When the madness ended, 34-year-old Jdimytai Damour was dead and four shoppers, including a woman eight months pregnant, were injured.

A set of video stills captured the events and if it doesn’t sound horrific enough, the images are really bothering.

Witness Kimberly Cribbs said shoppers acted like “savages.”

The second incident seems to me less horrific- mostly because there were fewer people involved, but in reality it is every bit as incomprehensible, and troubling. At a Toys R Us store in Palm DEsert CA, two men shot and killed each other. This from the CBS New web site:

“Some people got into a fight,” said Splain, who spoke with some of the customers. “One of the guys here thought it was over a toy, but it got louder and louder and then there were gunshots.” 

Other news reports suggest that this was a personal dispute between two groups of people, and was not a fight over a toy, but that is sketchy at this point. One account says that two women starting arguing, and this erupted into the one man pulling his gun, and then followed by the other.In the phone call to 911, it sounds as if one of the guys is slumped over, dead- over the cash register.  If this dispute started in one of the aisles, and ended at the cash register- how is that? 

Both stories demonstrate some of our worst as a culture.  Both highlight a lack of respect for life, and a placement on personal gain or need above all else.  Both reverberate with an insensitivity to others.  Imagine the children who were in the Toys R Us at the time of the shootings?  I was only a few yards away from a shooting when I was a 15.  It was terrifying.

So were none of these people even in a church?  Did they never hear a sermon or a Sunday School class about loving others? Or does religion fail to get these messages through to people in ways that matter? It is easier to comprehend the shootings… but the stampede? I can not even begin to get it. I can not find a way to put myself in the shoes or the mindset of anyone involved in that event.

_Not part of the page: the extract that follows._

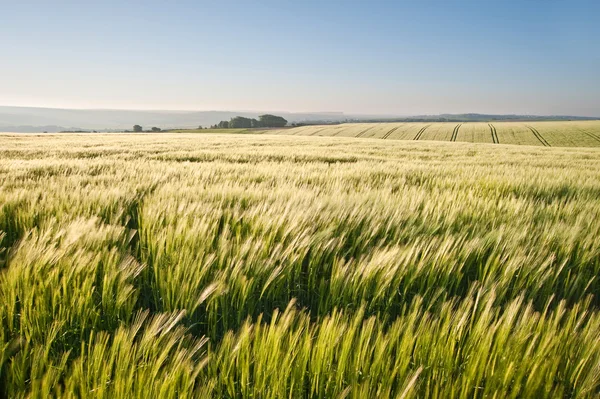 Campo de trigo al amanecer en el paisaje rural inglés — Foto de Stock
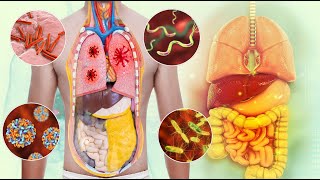 Rejuvenecimiento De Todo El Cuerpo  PERDER GRASA ABDOMINAL  Curativo 98 Efectivo En 5 Minutos [upl. by Esined]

And what seems even more troubling is the lack of coverage it has received, and the lack of discussion it has generated.  It is almost as if “we” as a culture are not sure what to do with it- what to say, s let’s just quietly let it pass by. A blogger on The Point asks what causes people to lose their decency? But even most blog accounts are just a rehash of the news-like facts. The Kvetcher blames this on sales reps who use advertising to lure people into the store with advertised unbelievably low prices. I guess everyone is looking for the bad guy.  Except isn’t the bad guy all of us collectively as a culture? and where did the messages come from that we bought into so easily, and why were these the prevailing messages?  Why were we not more inundated with messages about respect for others, and that sort of thing?